[Stored records]
▬▬▬▬▬▬

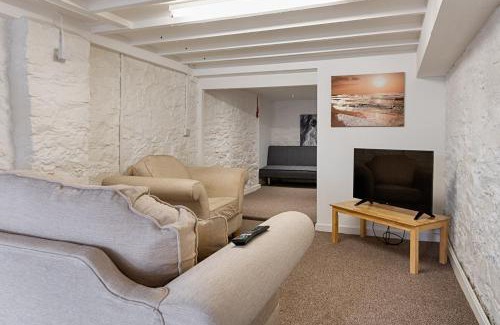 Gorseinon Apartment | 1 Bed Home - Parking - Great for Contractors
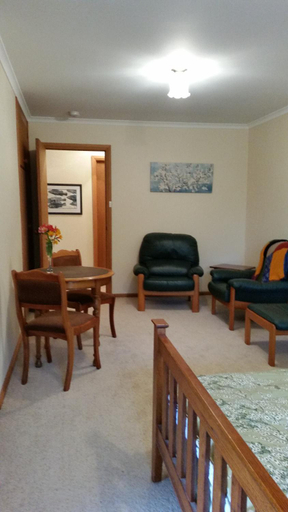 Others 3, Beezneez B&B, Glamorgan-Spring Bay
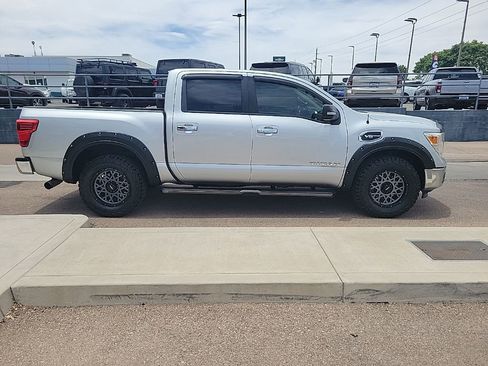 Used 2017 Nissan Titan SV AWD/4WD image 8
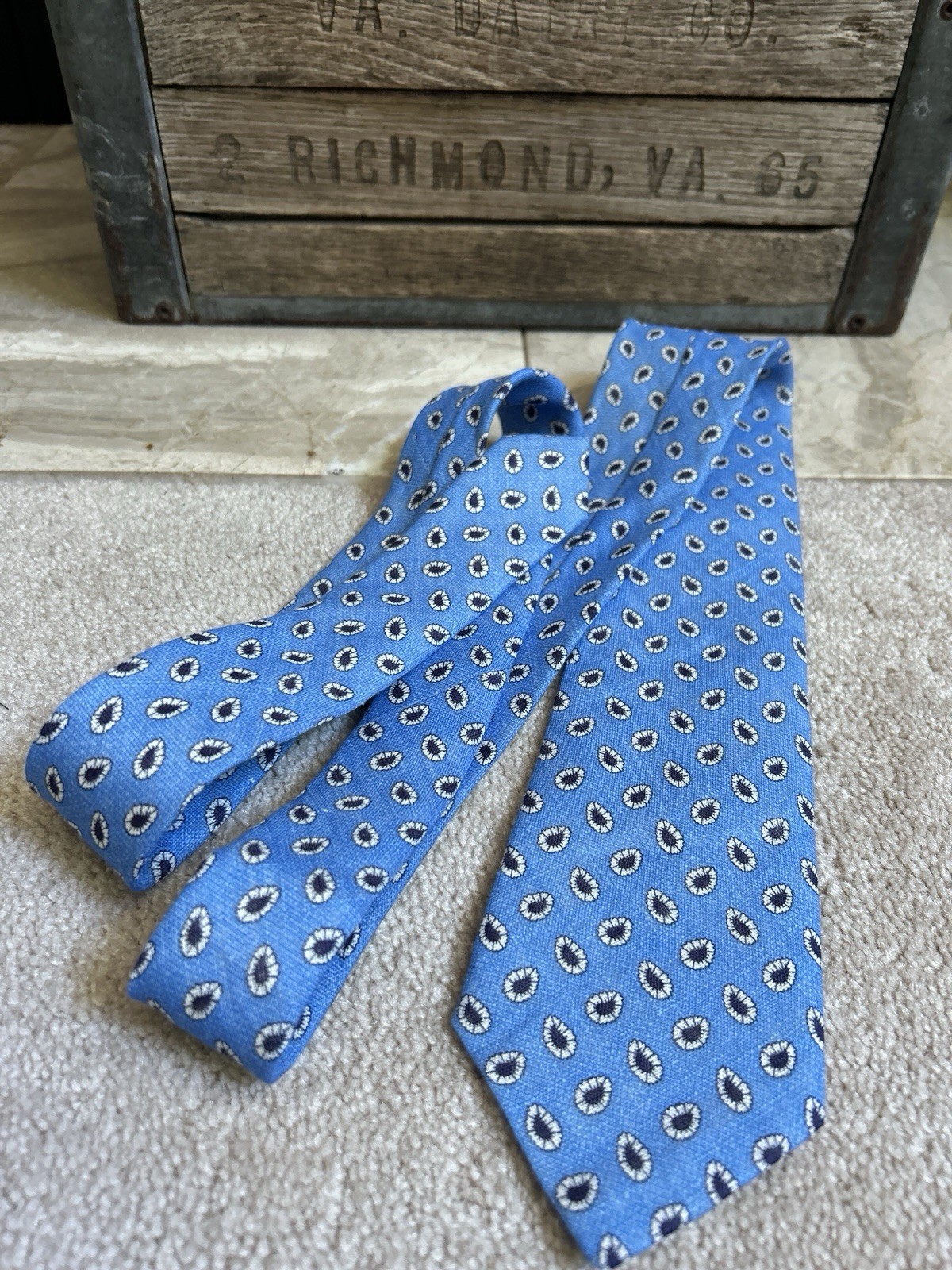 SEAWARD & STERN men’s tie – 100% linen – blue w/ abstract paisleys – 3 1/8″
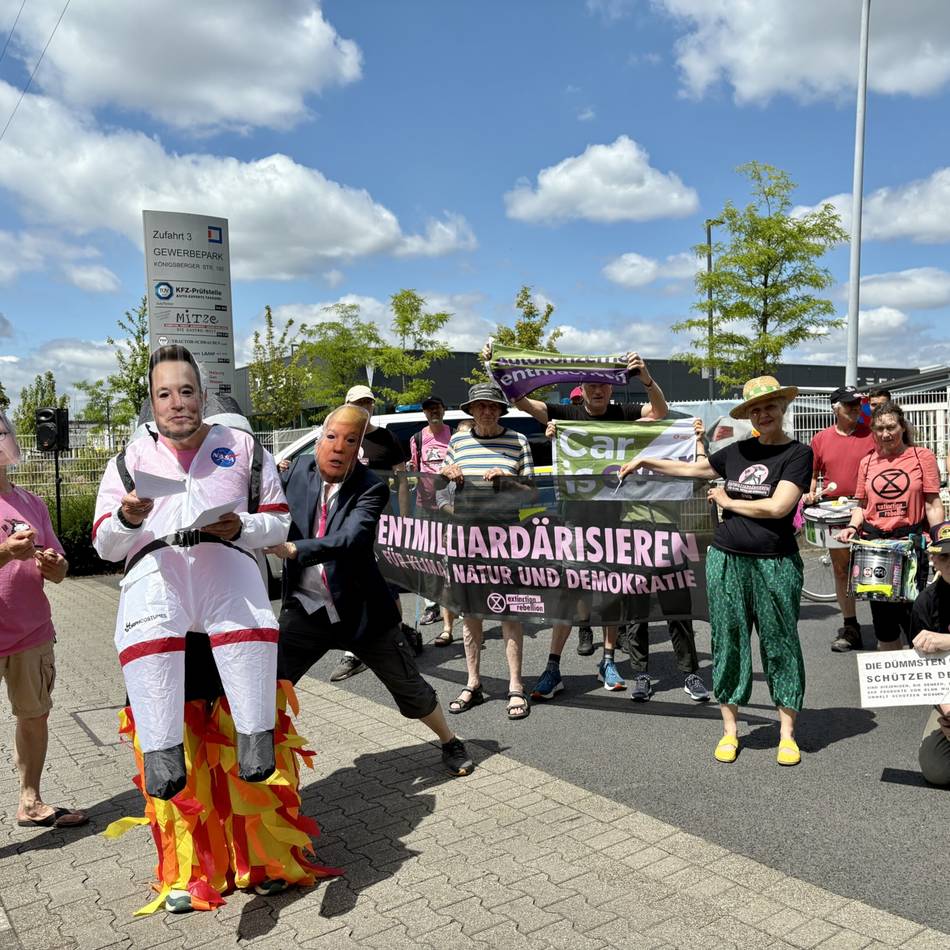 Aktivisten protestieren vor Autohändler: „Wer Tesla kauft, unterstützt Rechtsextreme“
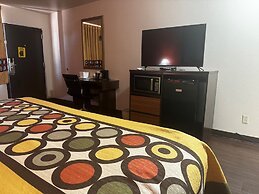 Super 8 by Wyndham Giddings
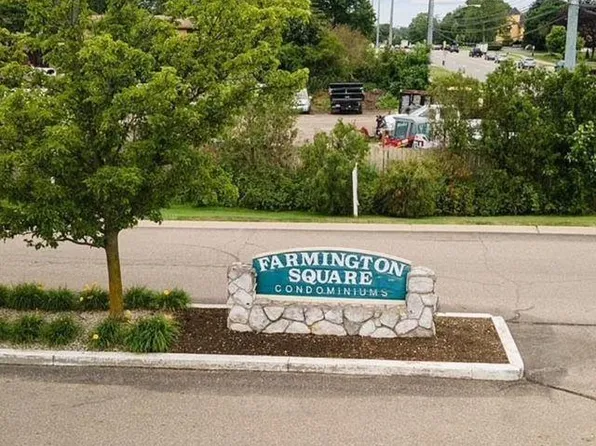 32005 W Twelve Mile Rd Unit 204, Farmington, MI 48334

▬▬▬▬▬▬

*What to do:* Return each record above as it stands. Pictures stay out.

*Task response:*
 Gorseinon Apartment | 1 Bed Home - Parking - Great for Contractors
 Others 3, Beezneez B&B, Glamorgan-Spring Bay
 Used 2017 Nissan Titan SV AWD/4WD image 8
 SEAWARD & STERN men’s tie – 100% linen – blue w/ abstract paisleys – 3 1/8″
 Aktivisten protestieren vor Autohändler: „Wer Tesla kauft, unterstützt Rechtsextreme“
 Super 8 by Wyndham Giddings
 32005 W Twelve Mile Rd Unit 204, Farmington, MI 48334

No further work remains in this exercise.